The new museum extension adapts to the existing surroundings by changing its height and shape. The double-height foyer is the tallest building in the project, as it relates to the existing, massive museum building next to it. Meanwhile, the restaurant behind it is kept in a small scale to complement a more recent museum extension by Johan Celsing from 2005, which again is kept low to avoid intervening with the views from a past extension.

While the existing museum cluster created a closed block towards the existing sculpture park behind it, the new museum extension shifts the way the museum meets the park. Behind the front foyer building, the lower restaurant building releases itself from the street grid and curves itself into the park space, opening up into a south-facing terrace. In that way, a new flow is created all the way from the street, through the museum and towards the park, where restaurant visitors can enjoy their meal outside.

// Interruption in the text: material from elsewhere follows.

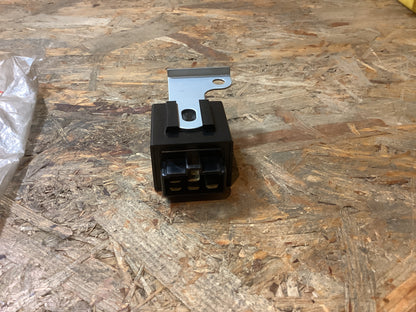 Mitsubishi Montero, L040 Relais, Interwallwischer Original Mitsubishi NEU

The grand covered courtyard space, the Birgit Rausing Hall, is constructed with a soaring 27-meter roof that expands between the existing courtyard buildings with great height variations on all sides. The plate of mirroring aluminum roof rests on four columns and is a modern contrast to the surrounding courtyard buildings, whose facades have kept their original appearance. The hall is surrounded by clerestory light, resulting in a light, high-ceilinged space that seems to be neither indoor nor outdoor.

The Corten steel paneling of the new building goes well with the roughness of the raw concrete of the existing museum and the brick architecture of the nearby university campus. Yet the steel’s sharp detailing contrasts with the concrete’s roughness, which makes the new building stand out against the existing. With time, the Corten steel will gradually evolve and change its character, as does the artistic process.

The façade windows are playfully yet carefully arranged in the facades to get particular views from, into and through the extension buildings. The floating window layout creates multiple views across the rooms and towards the park, as artworks on a wall. The many views between interior and exterior also make the buildings seem more transparent without necessarily using large glass facades.

Inside, the museum is arranged as a sequence of light spaces with walls and ceiling in birch plywood. All furniture in the restaurant, foyer, and shop is designed by Elding Oscarson. The furniture design deliberately references the unfinished character of a prototype, or sketch, through the atmosphere of the museum.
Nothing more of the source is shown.